DeepMind Develops AI to Control Nuclear Fusion Plasma

 

Courtesy of pxhere

DeepMind, a British artificial intelligence company, announced on February 16 that it had successfully taught an AI to control nuclear fusion in a joint research project with the Swiss Plasma Center. The company aims to use this research to bolster nuclear fusion’s candidacy as a global source of clean energy.

“We predict reinforcement learning will be a transformative technology for industrial and scientific control applications in the years to come, with applications ranging from energy efficiency to personalised medicine,” the company wrote in a blog post.

DeepMind’s AI can manipulate plasma inside a tokamak, a machine that contains plasma within a doughnut-shaped vacuum surrounded by magnetic coils. By sculpting the plasma into different shapes, the AI ensures that the plasma does not touch the inner walls of the tokamak, a process which involves coordinating the machine’s magnetic coils and adjusting their voltage thousands of times per second.

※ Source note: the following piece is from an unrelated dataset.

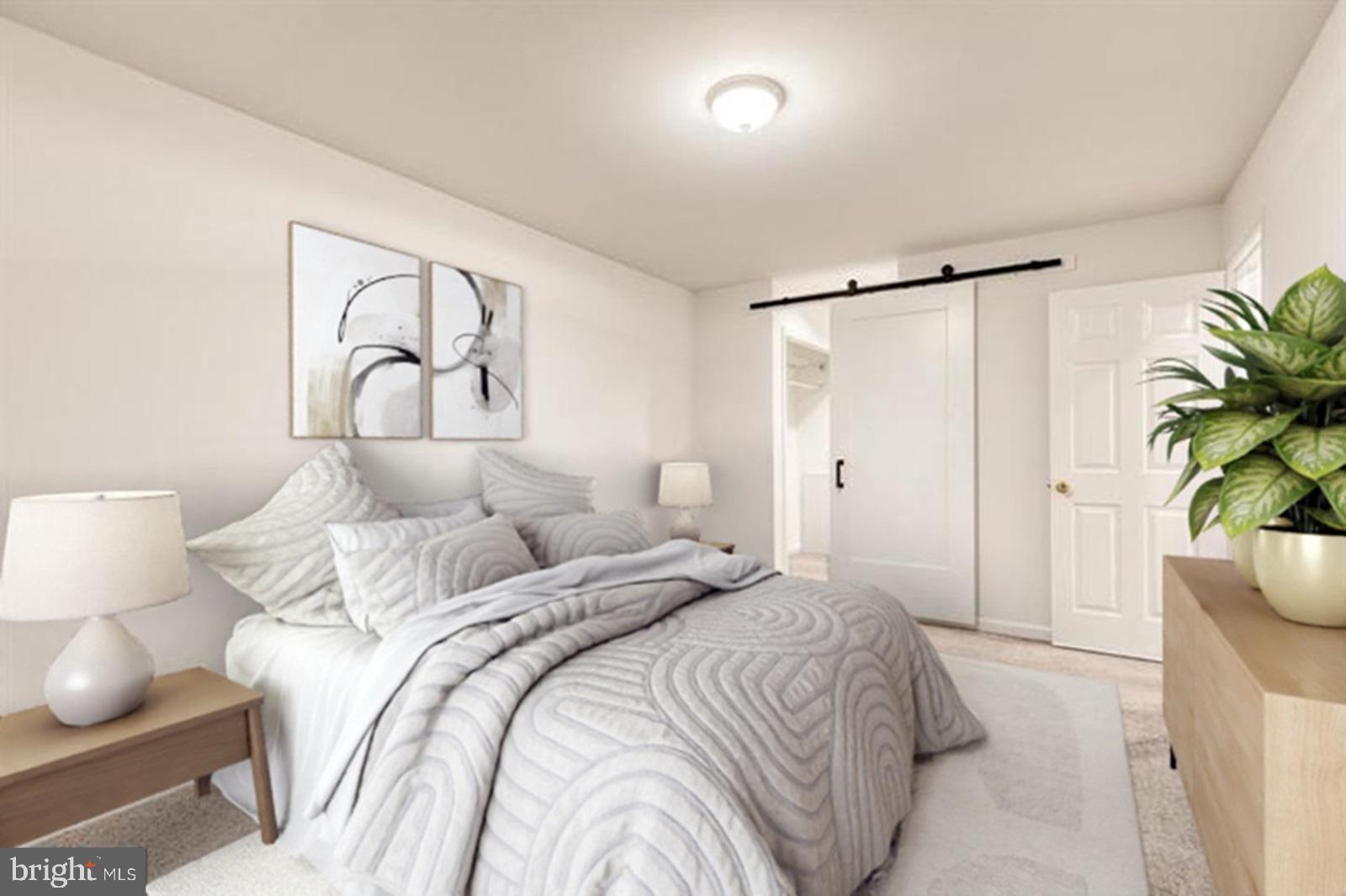 RIVERCHASE CONDOS - Residential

“This approach has unprecedented flexibility and generality in problem specification and yields a notable reduction in design effort to produce new plasma configurations,” the researchers’ paper, published in Nature, reads.

These various plasma configurations enable the optimization of the nuclear reaction’s stability, confinement, and energy exhaust. The AI was capable of producing elongated shapes, a negative triangularity, and a snowflake shape. It was even able to form sustained plasma droplets, in which two separate plasmas exist simultaneously within the machine.

“This represents a notable advance for tokamak feedback control, showing the potential of reinforcement learning to accelerate research in the fusion domain, and is one of the most challenging real-world systems to which reinforcement learning has been applied,” the paper reads.

This tokamak reactor diagram (Courtesy of Wikimedia) shows the internal chamber where the plasma is controlled as well as the coils that encase it.

“Deep reinforcement learning is pretty great at working with sci-fi things where human intuitions tend to break down,” said Jonas Degrave, one of the DeepMind researchers.